Although I have some great juices nothing has really gripped me to say "Wow, I wanna go steady with you"

These are my impressions, please do comment if you can suggest something else or if I should be admitted to a mental asylum (eg of this would be stating that menthol tastes like vanilla).

Feellife Menthol Ice - Very nice and clean Menthol, not too sweet but overpowers the palate after a while

Feellife Turkish Tobacco - Used to the Liqua Turkish, which I would Mix with Menthol to give it some variation and cut the sweetness; THIS is very exotic and spicy, but not an ADV, as I find myself wanting a bit more of something, I don't know what.

Space Jam Andromeda - Great Fruity Flavour, but not an ADV

Space Jam Eclipse - I think this comes closest for me to an ADV, just enough tobacco and something nutty?

Aaaaand... GO!


----------



## vaalboy (3/6/14)

Seems like you enjoy a tobacco? Perhaps try VM4?

Reactions: Agree 1


----------



## crack2483 (3/6/14)

Get yourself some Vapour Mountain juices. VM4 is my ADV, and BerryBlaze. 

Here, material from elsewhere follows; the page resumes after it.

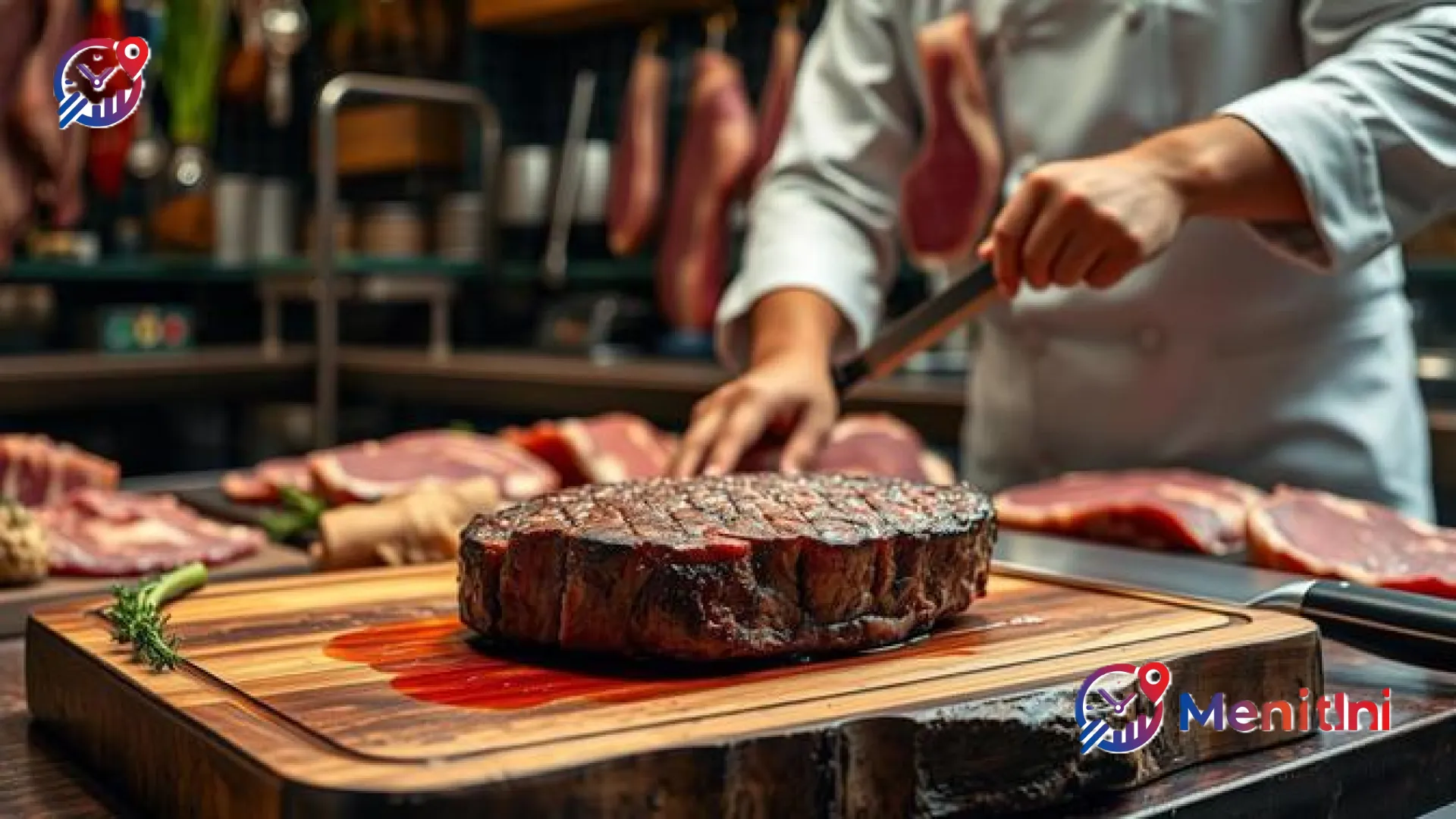 Kreasi Steak Teflon dari Daging Kurban: Rahasia Tekstur Empuk dan Cita Rasa Restoran Bintang Lima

Sent from my SM-N9005 using Tapatalk

Reactions: Like 1


----------



## RIEFY (3/6/14)

phanatik said:


> Space Jam Eclipse - I think this comes closest for me to an ADV, just enough tobacco and something nutty?
> 
> Aaaaand... GO!



this just shows how subjective taste is. I got s bottle of this friday and filled up a tank I loved it for a couple of minutes even msged the seller to say I want more lol. then yesterday filled a tank and ended up chucking it down the drain.

back on to topic I think u need some HHV! 

Sent from my GT-I9500 using Tapatalk HD


----------



## Metal Liz (3/6/14)

I agree with @crack2483, I def think you should try some Vapour Mountain, their juices are absolutely amazing 

Sent from my GT-I9500 using Tapatalk

Reactions: Agree 2


----------



## Tom (3/6/14)

Problem with HHV is...not easy to get. Go for VM. Its a good starting place for juice. Or try all the new stuff that is around  

Gesendet von meinem GT-I9195 mit Tapatalk


----------



## Die Kriek (4/6/14)

VM4 <---- That would be my ADV if I wasn't so addicted to swapping flavours!

Reactions: Like 2


----------



## phanatik (4/6/14)

Thanks for the awesome replies. I will give the Vapour Mountain stuff a try next. @Die Kriek I think the addiction to swapping has me as well.

@vaalboy coming from analog is the reason for still looking for that tobacco taste. It's probably a mental thing.

Reactions: Like 1


----------



## Riaz (4/6/14)

i would also recommend trying some of @Oupa (vapour mountain) juices

if you like tobacco, go with the VM4

Reactions: Like 1


----------



## phanatik (4/6/14)

Tom said:


> Problem with HHV is...not easy to get. Go for VM. Its a good starting place for juice. Or try all the new stuff that is around
> 
> Gesendet von meinem GT-I9195 mit Tapatalk


Danke @Tom 
Alles klaar in Deutschland?

Reactions: Funny 1


----------



## Tom (4/6/14)

phanatik said:


> Danke @Tom
> Alles klaar in Deutschland?


Immer! Ze jermans doin fine 

Gesendet von meinem GT-I9195 mit Tapatalk

Reactions: Like 1


----------



## phanatik (13/6/14)

Ok so an update:
SpaceJam Andromeda started developing a nauseating taste, and i definitely cannot vape this any longer.
SpaceJam Eclipse is still going strong, smooth as ever.

I need to get more tobacco-ish flavours. I think I will give @Oupa s VM4 a shot and maybe one or two of @RevnLucky7 boutique juices

any suggestions?


----------



## Gazzacpt (13/6/14)

phanatik said:


> Ok so an update:
> SpaceJam Andromeda started developing a nauseating taste, and i definitely cannot vape this any longer.
> SpaceJam Eclipse is still going strong, smooth as ever.
> 
> ...


VM4 is a must try its good quality local juice at a great price. Witches is amazing but for me its more of a treat juice than a adv. Thats my opinion so no one shoot me plz.

Sent from my GT-I9190 using Tapatalk

Reactions: Like 1


----------



## Andre (13/6/14)

Gazzacpt said:


> VM4 is a must try its good quality local juice at a great price. Witches is amazing but for me its more of a treat juice than a adv. Thats my opinion so no one shoot me plz.
> 
> Sent from my GT-I9190 using Tapatalk


That is my assessment as well.

Reactions: Like 1


----------